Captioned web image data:

········

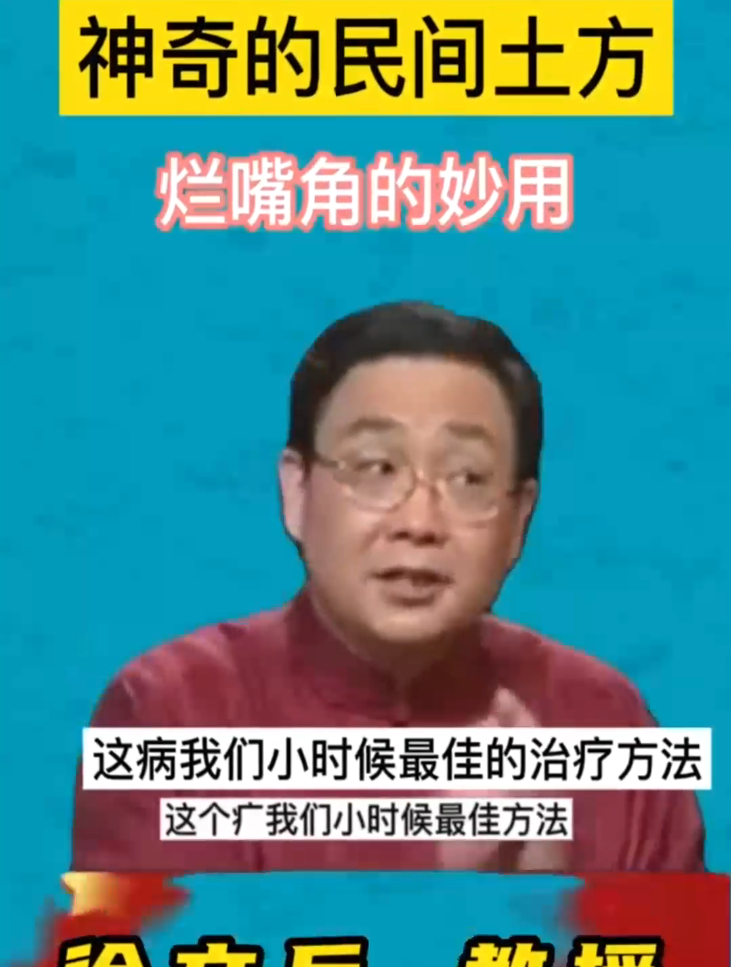 烂嘴角怎么治 民间土单方有法子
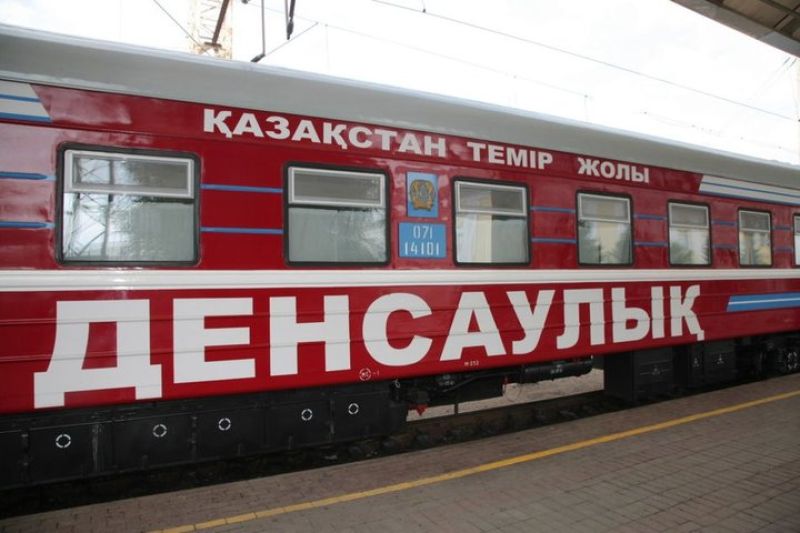 Түркістан облысына «Денсаулық» медициналық пойызы келді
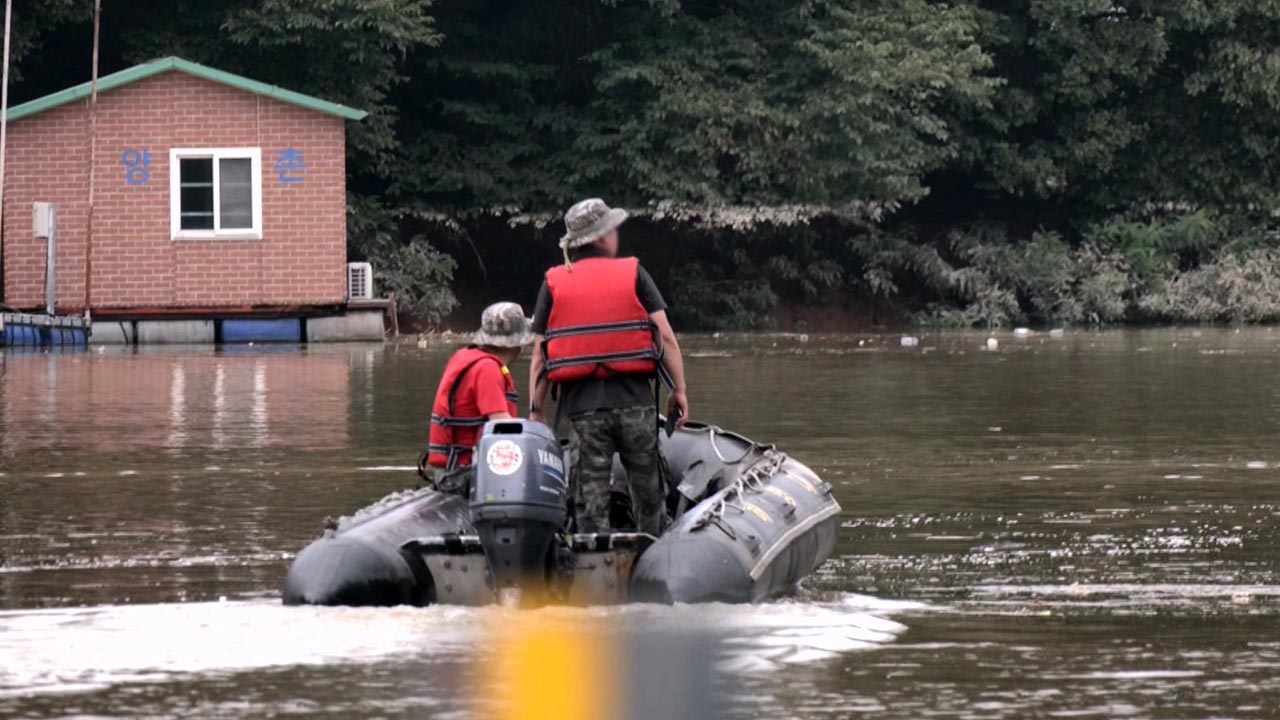 경기도 안성 저수지 낚시터 실종자 추정 남성 시신 추가 발견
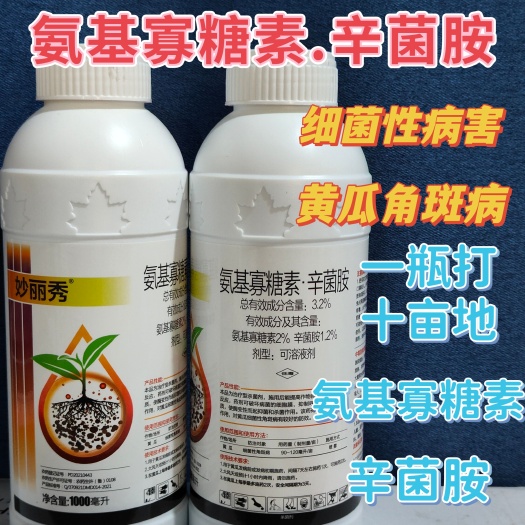 3.2%氨基寡糖素辛菌胺细菌性病害黄瓜角斑病杀菌剂可溶液剂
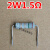 家电维修常用电阻器色环碳膜电阻1W2W0.33820K欧姆配件 2W22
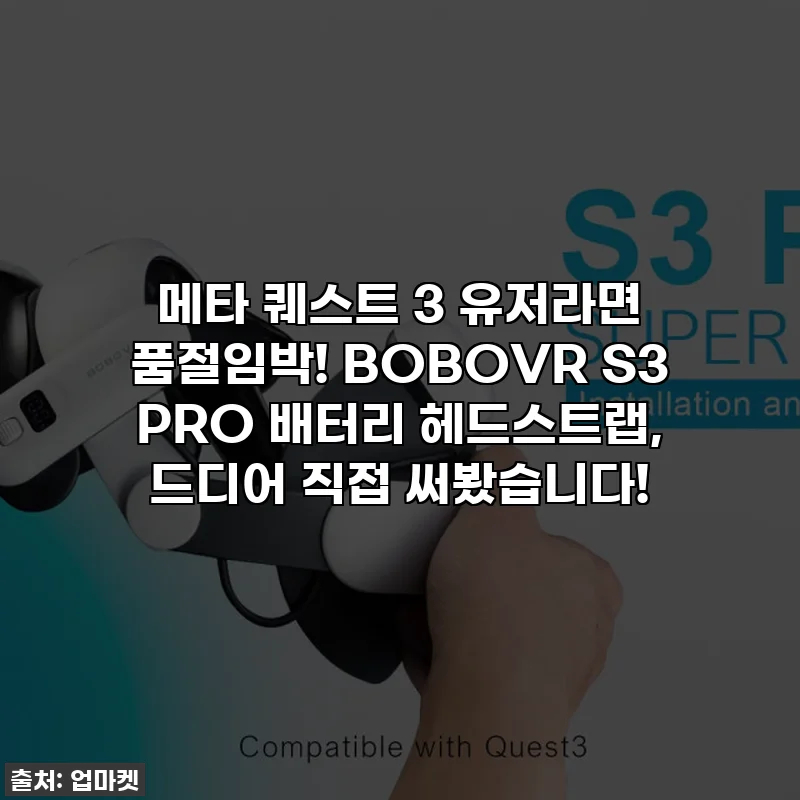 메타 퀘스트 3 유저라면 품절임박! BOBOVR S3 PRO 배터리 헤드스트랩, 드디어 직접 써봤습니다!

········

- [ACTION ITEM]: Output exactly and only the lines from the line containing "3.2%氨基寡糖素辛菌胺细菌性病害黄瓜角斑病杀菌剂可溶液剂" to the end of the entries, both included, and omit every picture.

- [FINAL ANSWER]:
 3.2%氨基寡糖素辛菌胺细菌性病害黄瓜角斑病杀菌剂可溶液剂
 家电维修常用电阻器色环碳膜电阻1W2W0.33820K欧姆配件 2W22
 메타 퀘스트 3 유저라면 품절임박! BOBOVR S3 PRO 배터리 헤드스트랩, 드디어 직접 써봤습니다!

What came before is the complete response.